=== Records provided ===
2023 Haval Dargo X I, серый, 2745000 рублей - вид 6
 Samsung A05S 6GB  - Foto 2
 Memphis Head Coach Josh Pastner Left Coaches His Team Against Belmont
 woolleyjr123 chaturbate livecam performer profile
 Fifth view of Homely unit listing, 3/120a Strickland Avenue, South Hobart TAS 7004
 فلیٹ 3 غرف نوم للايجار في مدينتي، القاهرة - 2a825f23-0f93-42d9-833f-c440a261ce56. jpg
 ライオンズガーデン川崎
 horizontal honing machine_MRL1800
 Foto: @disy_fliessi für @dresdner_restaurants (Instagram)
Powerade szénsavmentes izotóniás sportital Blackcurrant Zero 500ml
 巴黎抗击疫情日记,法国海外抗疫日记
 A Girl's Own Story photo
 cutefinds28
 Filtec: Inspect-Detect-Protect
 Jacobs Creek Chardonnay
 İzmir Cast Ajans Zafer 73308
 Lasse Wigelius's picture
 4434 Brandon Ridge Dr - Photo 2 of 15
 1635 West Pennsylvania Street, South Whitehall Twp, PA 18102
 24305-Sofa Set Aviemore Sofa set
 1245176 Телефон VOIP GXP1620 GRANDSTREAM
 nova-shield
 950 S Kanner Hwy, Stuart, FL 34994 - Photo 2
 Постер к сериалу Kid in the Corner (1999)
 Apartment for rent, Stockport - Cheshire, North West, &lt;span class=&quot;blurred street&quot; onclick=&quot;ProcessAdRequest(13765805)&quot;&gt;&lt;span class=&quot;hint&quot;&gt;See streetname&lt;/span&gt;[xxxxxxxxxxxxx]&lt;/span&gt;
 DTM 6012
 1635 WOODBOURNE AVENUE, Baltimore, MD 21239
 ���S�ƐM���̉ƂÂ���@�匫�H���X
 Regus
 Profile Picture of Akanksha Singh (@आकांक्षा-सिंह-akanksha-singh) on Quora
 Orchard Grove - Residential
===
▸ **Exercise details**
Write the data out once more. Keep every word the same.

▸ **Solution**
2023 Haval Dargo X I, серый, 2745000 рублей - вид 6
 Samsung A05S 6GB  - Foto 2
 Memphis Head Coach Josh Pastner Left Coaches His Team Against Belmont
 woolleyjr123 chaturbate livecam performer profile
 Fifth view of Homely unit listing, 3/120a Strickland Avenue, South Hobart TAS 7004
 فلیٹ 3 غرف نوم للايجار في مدينتي، القاهرة - 2a825f23-0f93-42d9-833f-c440a261ce56. jpg
 ライオンズガーデン川崎
 horizontal honing machine_MRL1800
 Foto: @disy_fliessi für @dresdner_restaurants (Instagram)
Powerade szénsavmentes izotóniás sportital Blackcurrant Zero 500ml
 巴黎抗击疫情日记,法国海外抗疫日记
 A Girl's Own Story photo
 cutefinds28
 Filtec: Inspect-Detect-Protect
 Jacobs Creek Chardonnay
 İzmir Cast Ajans Zafer 73308
 Lasse Wigelius's picture
 4434 Brandon Ridge Dr - Photo 2 of 15
 1635 West Pennsylvania Street, South Whitehall Twp, PA 18102
 24305-Sofa Set Aviemore Sofa set
 1245176 Телефон VOIP GXP1620 GRANDSTREAM
 nova-shield
 950 S Kanner Hwy, Stuart, FL 34994 - Photo 2
 Постер к сериалу Kid in the Corner (1999)
 Apartment for rent, Stockport - Cheshire, North West, &lt;span class=&quot;blurred street&quot; onclick=&quot;ProcessAdRequest(13765805)&quot;&gt;&lt;span class=&quot;hint&quot;&gt;See streetname&lt;/span&gt;[xxxxxxxxxxxxx]&lt;/span&gt;
 DTM 6012
 1635 WOODBOURNE AVENUE, Baltimore, MD 21239
 ���S�ƐM���̉ƂÂ���@�匫�H���X
 Regus
 Profile Picture of Akanksha Singh (@आकांक्षा-सिंह-akanksha-singh) on Quora
 Orchard Grove - Residential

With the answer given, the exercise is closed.